Norway’s Electronic Public Records (OEP) provision requires that federal agencies publish a daily register of metadata to an online access portal, which allows users to search all records across the government to make FOI requests. Currently, approximately 100 Norwegian government agencies use OEP to upload their public records, all doing so daily and according to a standard entry format, and these entries are then compiled into one common OEP database. While the OEP does not store the actual documents themselves, the single metadata repository includes the document’s case number, document title, sender/recipient information, exemption authorization, document date, and contact details for the authority responsible for the document. The US should improve on Norway’s OEP initiative not only by requiring agencies, either in a single repository or on an agency by agency basis, to regularly upload contact information that would make filing FOIA requests less cumbersome for requesters, but also by requiring agencies to regularly upload previous FOIA releases. This would not only boost the US’ transparency bona fides, but it would also save FOIA officers the trouble of processing multiple duplicate FOIA requests.

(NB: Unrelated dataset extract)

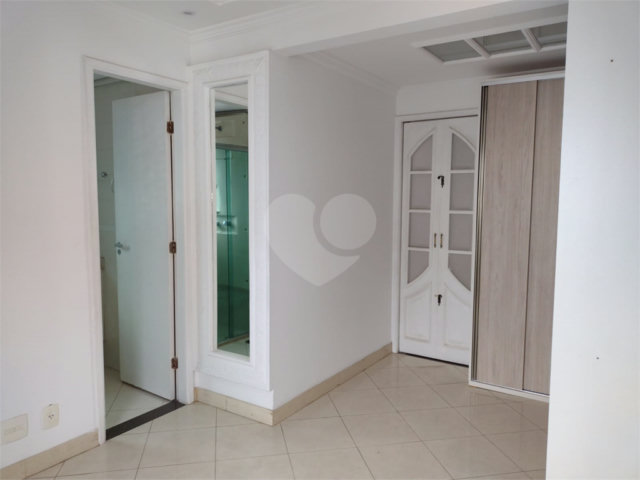 Apartamento à venda com 3 quartos, sendo 1 suíte,  em Santana, São Paulo, SP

Of course, several agencies, including the and Department of State, Department of Defense Washington Headquarters Services, the Interagency Security Classification Appeals Panel, as well as the agencies participating in FOIAonline, already post documents online as they’re released. This is the direction the entire federal government should be heading. Not requiring all agencies to post documents online as they are released through the FOIA is a key misstep that is at odds with basic transparency principles of opening up government data for greater accountability, creates more work for both requesters and agency FOIA officers, costs more money, and leaves the United States in the second tier of Open Governments. The FOIA bill currently being drafted in the Senate is a prime opportunity to mandate that, aside from specific caveats including “first-party” requests made by requesters for documents about themselves and documents that are not already digitized, agencies’ default policies should be to post FOIA releases created after February 7, 2000, online (the Section 508 Amendment to the Rehabilitation Act of 1973 specified that not later than February 7, 2000, all documents must be created digitally in formats accessible to people with disabilities).
The United States was the first country to enact a modern Freedom of Information Act; it will return to the first tier of Open Governments only when it more fully enters the 21st century and begins making the documents it releases available online.